Jasmal czmychnęła do szafy. Aż zdziwiła się, że nie zaskrzypiały zawiasy drzwiczek gdy je uchylała. W środku było całkiem przestronnie i spokojnie mogłyby się skryć tam dwie osoby. Były tam płaszcze i szaty wykonane z niezwykle delikatnego jedwabiu. Nawet podszewka była jedwabna. W tyle stała nawet mała szkatułka.
Mangkhut powoli odwrócił się w kierunku, z którego dobiegał głos Tajgi. Przyjrzał się uważnie i na koniec pokiwał głową.

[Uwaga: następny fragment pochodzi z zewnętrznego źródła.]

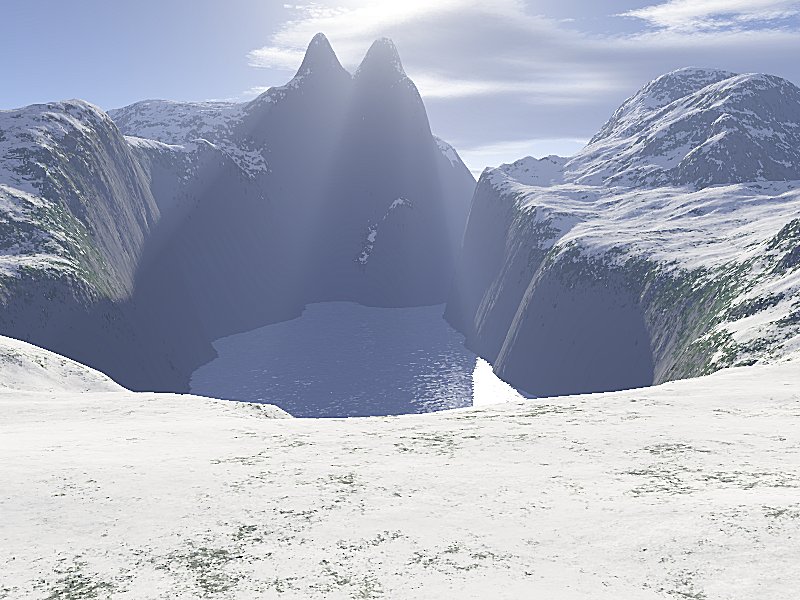 icelake2.jpg
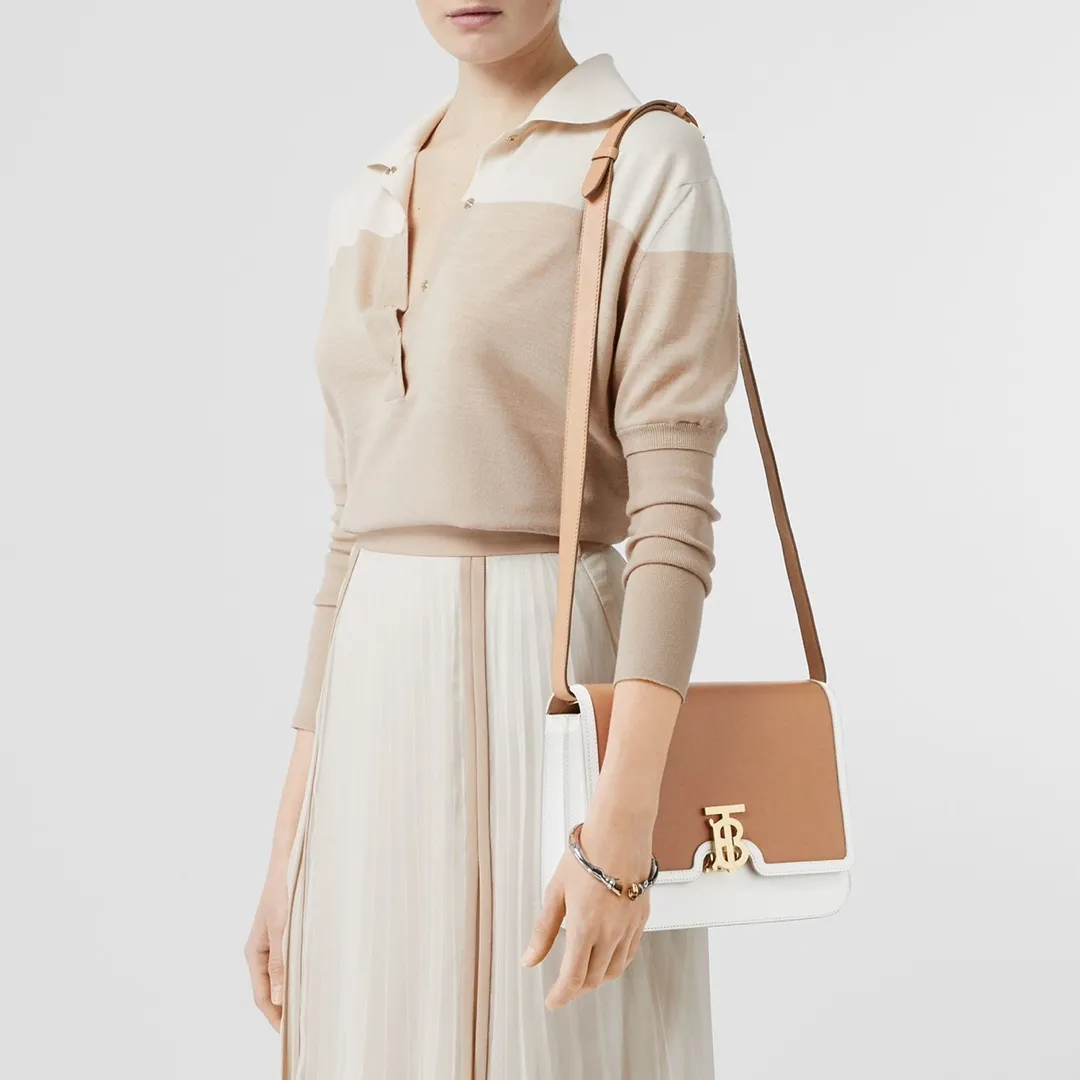 All categories Burberry women's bags (Burberry) Burberry original order 89062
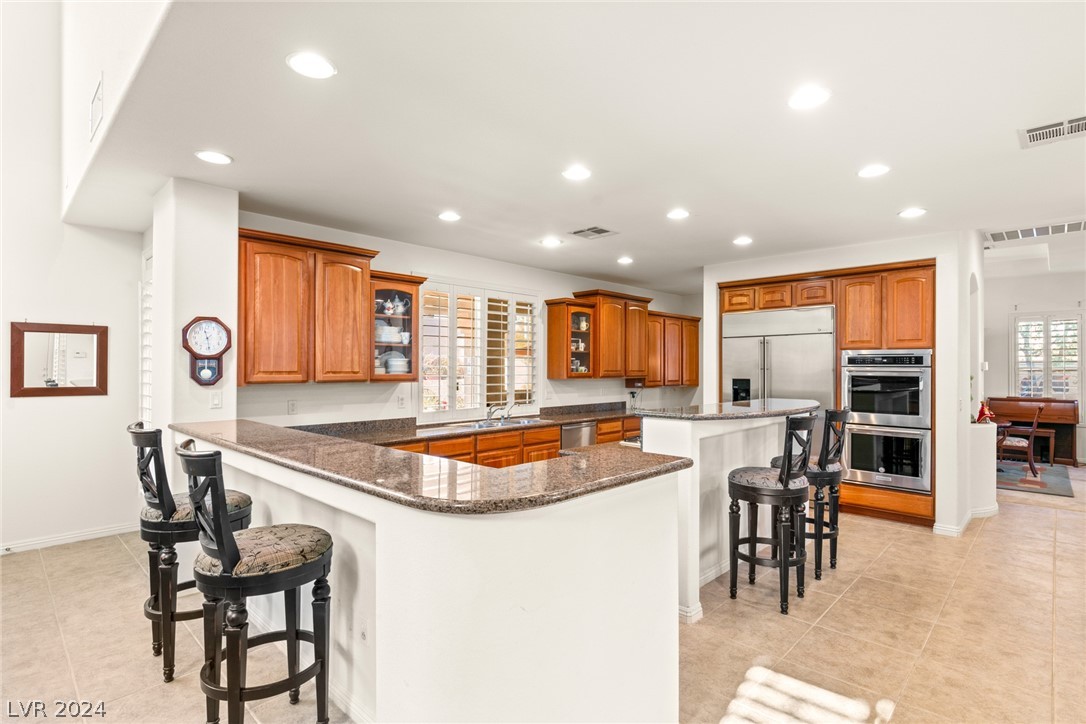 301 ROUND STONE Court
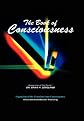 The Book of Consciousness (Multilingual Edition)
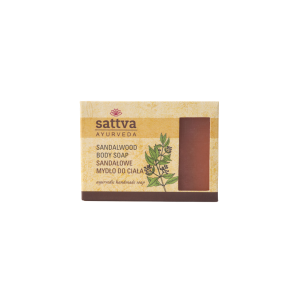 24808MYDŁO W KOSTCE DO CIAŁA DRZEWO SANDAŁOWE 125 g - SATTVA-1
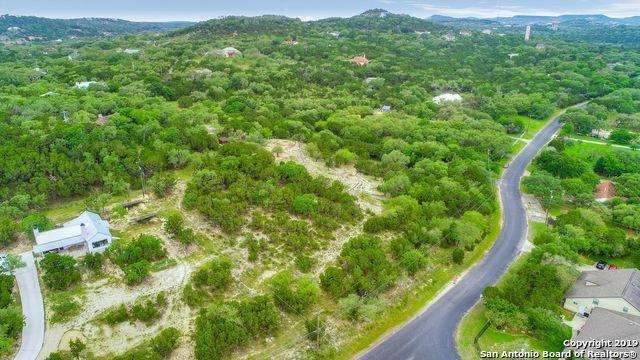 8902 Saddle Trail - Photo 1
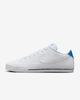 Giày Nike Nam Chính hãng - Court Legacy Next Nature - Trắng | JapanSport FQ8226-101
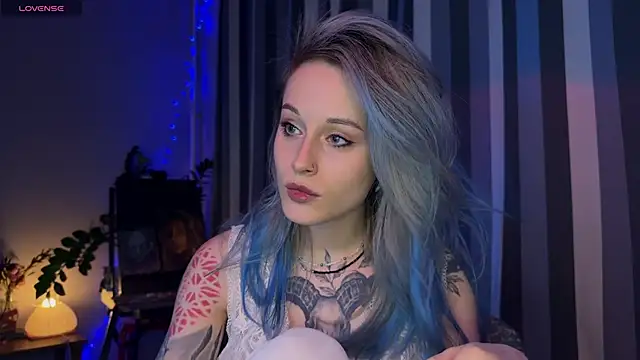 aviva faith online show from October 3, 2025, 7:11 pm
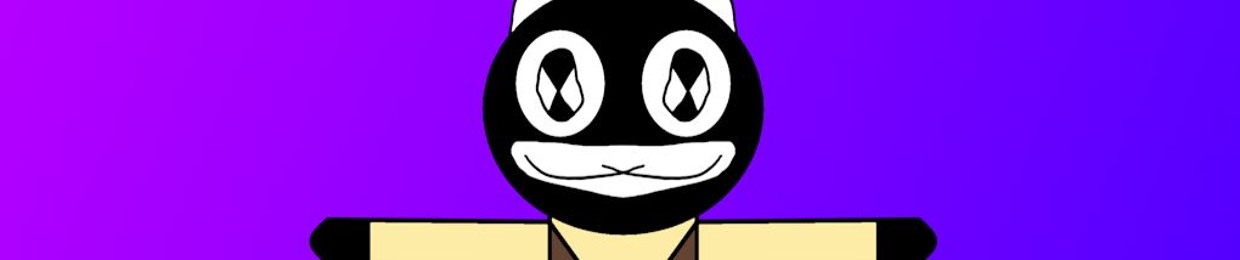 pamukdevstuff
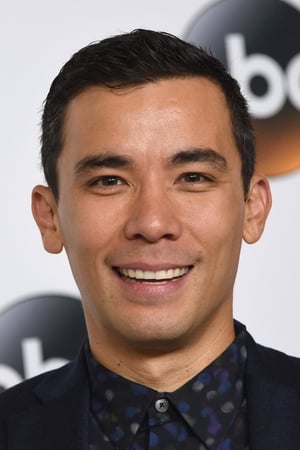 persons/2024-08-30/conrad-ricamora-9LTMnWDJ61qldsCONrSWc36rqrs.jpg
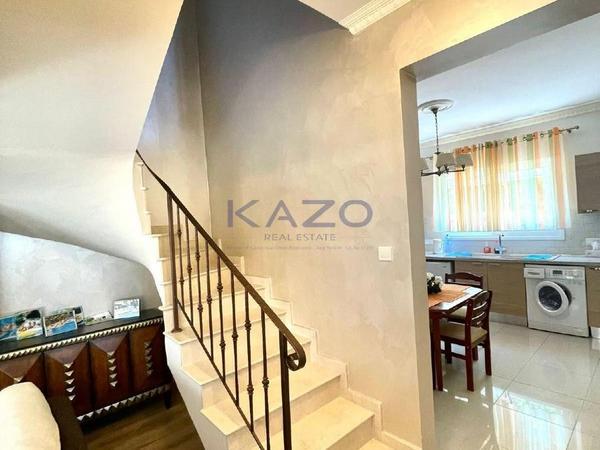 3 bedroom town house for sale potamos germasogeias limassol 1737352 image 5956329
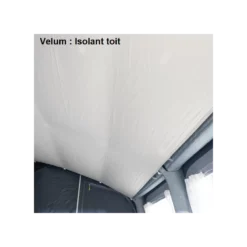 DOMETIC Rally AIR Pro 390 DA 27 DOMETIC Rally AIR Pro 390 DA -Camping Équipements Magasin dometic rally air pro 390 da 12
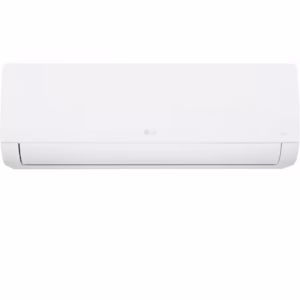 Aparat de aer condiționat LG DUALCOOL Special W 12000 BTU WZ12AWN WZ12AWU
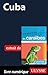 Cuba (French Edition)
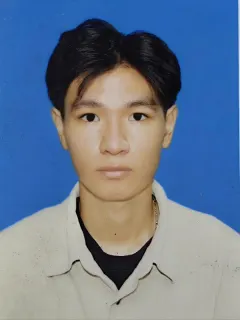Gia sư Nguyễn Minh Hiếu dạy kèm tại nhà
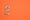 gray steel chain on orange surface
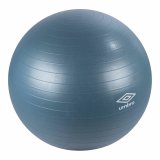 Trningsbold Umbro  65 cm Bl #1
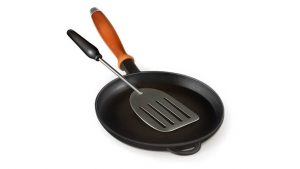 Read more about the article Is Nonstick Ceramic Cookware Safe To Use?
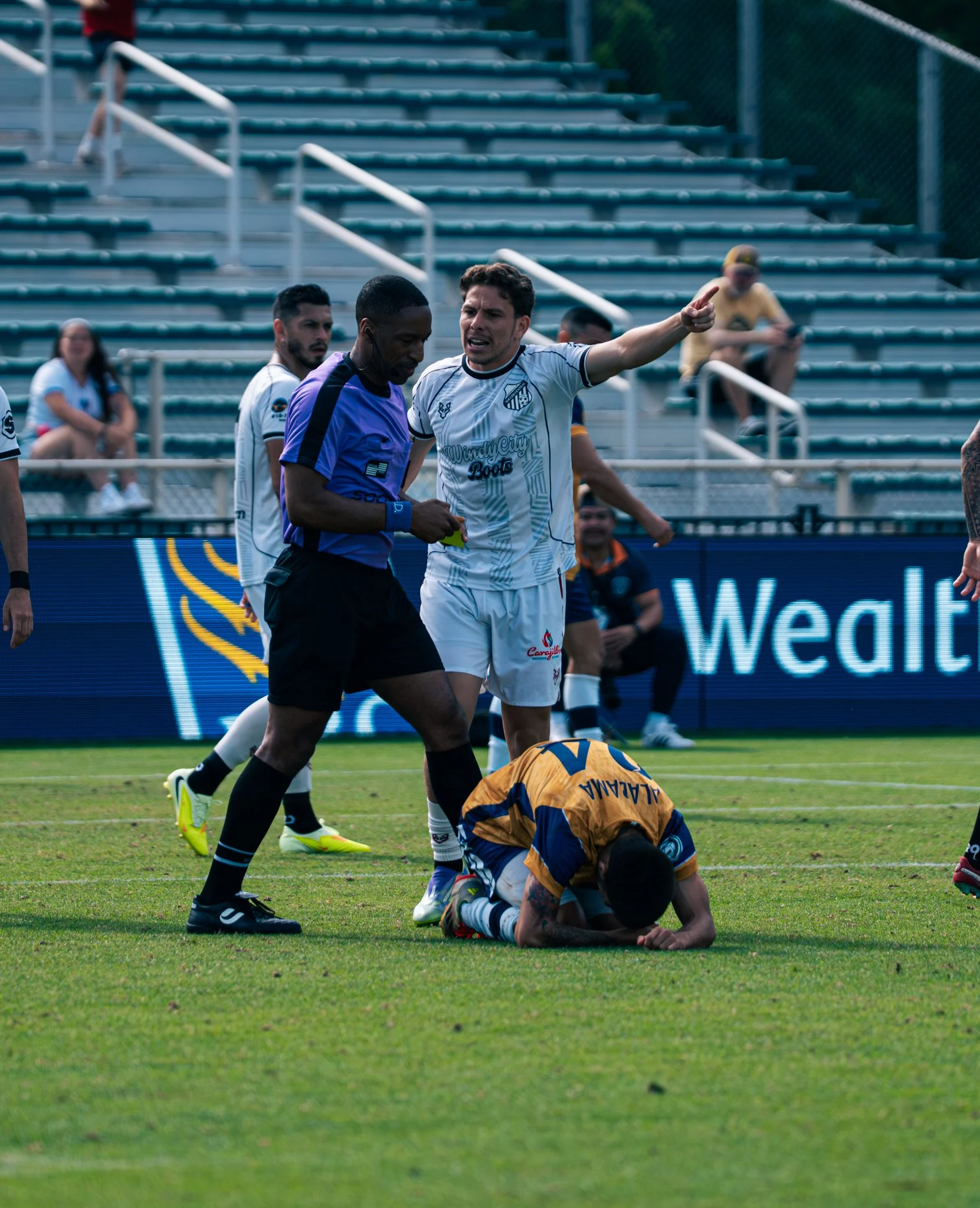 Pumas-176.jpg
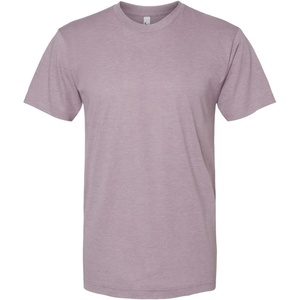 image:imageAmerican Apparel Mens TriBlend Short Sleeve Track ShirtTristorm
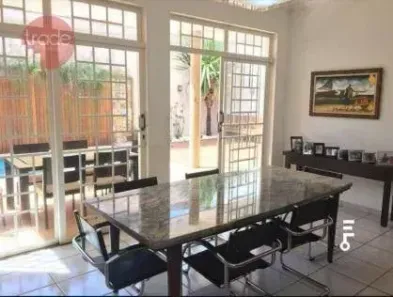 Casa com 3 Quartos à venda, 286m² no Ribeirânia, Ribeirão Preto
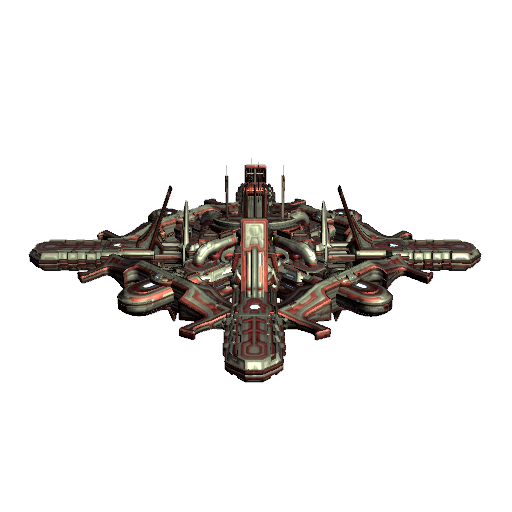 Iscalio_LV5A_SB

- Dobrze, zajmij się nim. Porozmawiamy sobie - odpowiedział jej robiąc zapraszający gest dłonią i bardka zaraz ruszyła do roztrzaskanej półki pod którą jaszczur leżał pomiędzy rozrzuconymi książkami.
- Więc waszym planem jest znalezienie nekromanty i... Zabicie go? - mag podsumował wypowiedzi Edrika i Thazara, z pewną dozą niedowierzana w głosie. - Iście zdesperowani jesteście... Jest was więcej? Jaki macie plan "pokonania" nekromanty? -
__________________ "Just remember, there is a thin line between being a hero and being a memory"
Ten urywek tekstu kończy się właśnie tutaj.